“Good for you,” said Diane Rehm to her guest.
This encouragement she interjected as author Helen Simonson was recalling a decision that she and her husband had made years ago. Helen, the busy advertising executive, would interrupt her career and stay home to nurture their newborn child.
Helen, author of the novel Major Pettigrew’s Last Stand, had understood that it was time to make a change—that the demands of helpless baby upon her new motherhood would create a full-time job for her, and a new role in life.
“What were we thinking?” she remembered, as if they suddenly realized the importance of motherhood. Her husband, busy bank executive who never got home ‘til after 8 pm, and she, busy advertising executive who never got home ‘til after 8, had planned for her to take a brief absence to have the baby. But then they decided that Helen would just be a mother for a long while.
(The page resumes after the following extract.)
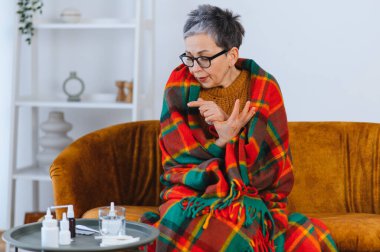 Yaşlı kadın battaniyeye sarılmış, soğuk algınlığı ya da gripten titriyor, yanında ilaçlarla kanepede dinleniyor.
And Diane said, “Good for you.”
These words encouraged me. My wife had chosen full-time motherhood years ago before launching her career as a nurse. We have never regretted that decision.
I heard this exchange as part of an interview on Diane Rehm’s show on NPR today, March 8.
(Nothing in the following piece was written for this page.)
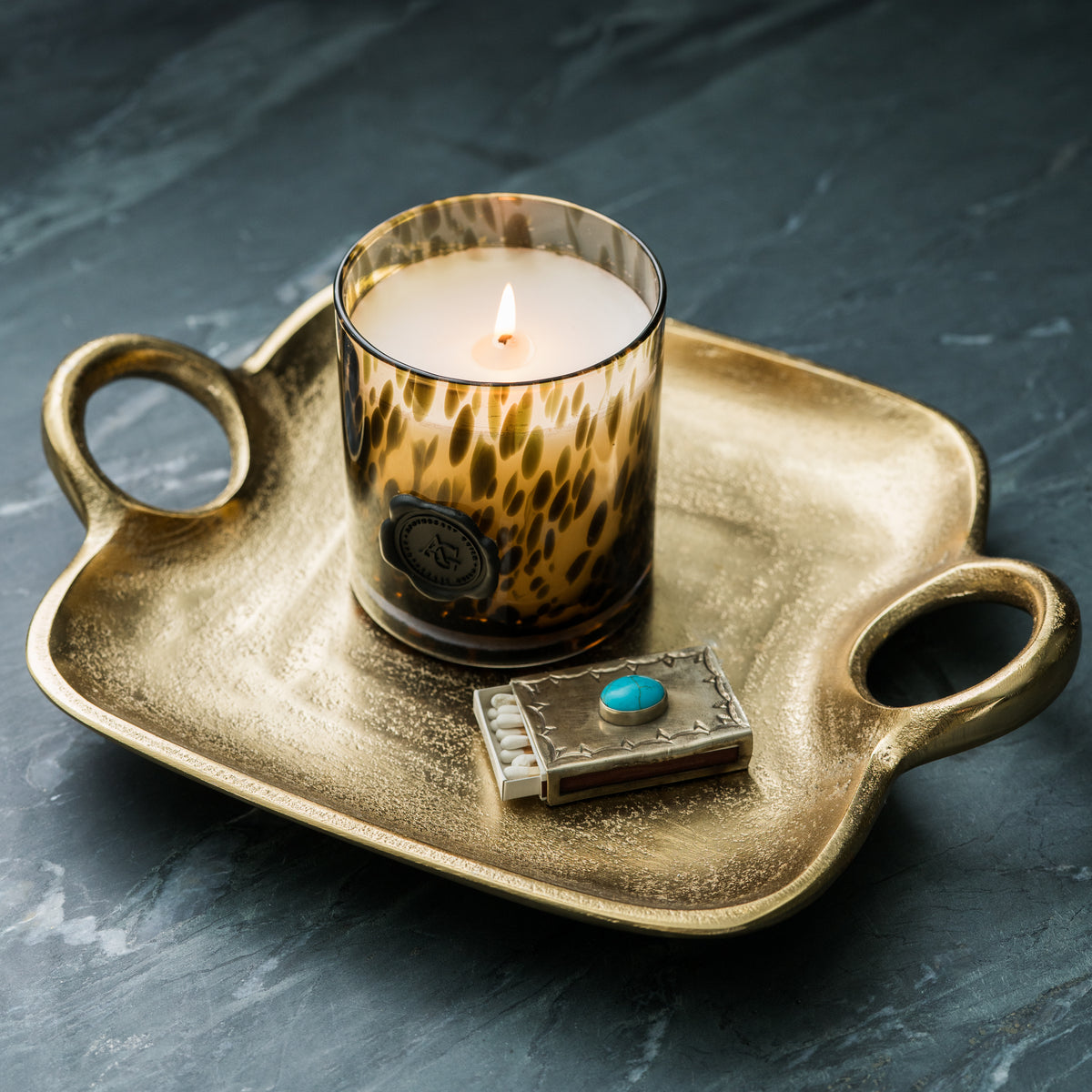Candle in a leopard print glass on a gold tray with a small decorative box on a dark surface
A few hours later, I heard another gem of encouragement:
“…we’re go’nna make it…” Dr. Martin Luther King had said.
He had been speaking to (now Congressman) John Lewis as they sat in a home near Selma in 1965 during the events that surrounded Bloody Sunday and the civil rights march from Selma to Birmingham, Alabama. As they listened expectantly to a televised announcement from Washington, President Lyndon Johnson had said:
“…and we shall, we shall overcome.”
And Dr. King had spoken his thoughts, “we’re gonna make it.” “John, we’re go’nna make it to Montgomery, and the voting acts will be passed.”
I heard this recollection on the radio from John Lewis as he recalled the events in an interview with Neil Conan on Talk of the Nation, NPR, today, March 8th.
Such a day was this for profound utterances! An hour later I heard this:
“Andrew, keep your pants rolled up,” which was an exhortation shouted by a mother to her son from an open window. The 10-year-old son was playing an impromptu baseball game in an open area on this, the first warm day of 2010.
“Don’t sit on the ground,” shouted mama a few minutes later from her vigilant window parch. Because there was, you know, still snow on the ground. These kids were playing baseball in patchy snow. Such is the power of imminent springtime to provoke pickup baseball.
“Go, go, go!” said his teammate to Andrew, as he knocked a grounder that stopped cold in the infield snow.
Like I said before, ev’body need a mama, justice, and a little encouragement now and then.